▶ **Extracted data**
☆ ☆ ☆ ☆ ☆

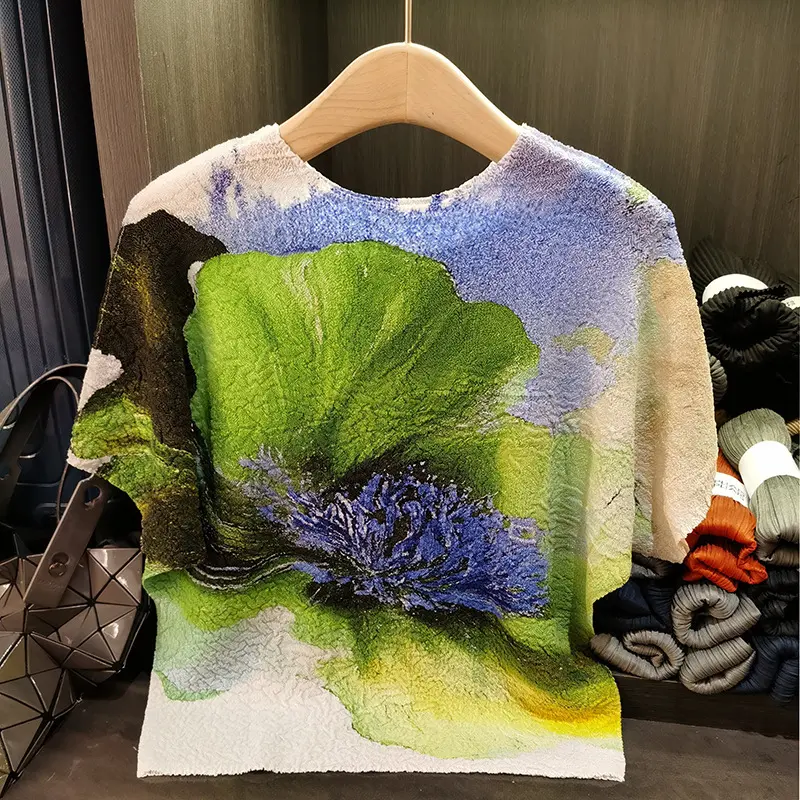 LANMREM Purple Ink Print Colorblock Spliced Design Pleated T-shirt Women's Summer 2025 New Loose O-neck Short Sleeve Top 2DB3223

☆ ☆ ☆ ☆ ☆

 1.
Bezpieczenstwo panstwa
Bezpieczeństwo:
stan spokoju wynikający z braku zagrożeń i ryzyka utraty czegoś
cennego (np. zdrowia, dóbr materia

☆ ☆ ☆ ☆ ☆

▶ **Directions for this task**
Using the entries above, repeat only the lines from the one containing "stan spokoju wynikający" through the one containing "cennego (np. zdrowia, dóbr materia", end lines included.

▶ **Answer section**
stan spokoju wynikający z braku zagrożeń i ryzyka utraty czegoś
cennego (np. zdrowia, dóbr materia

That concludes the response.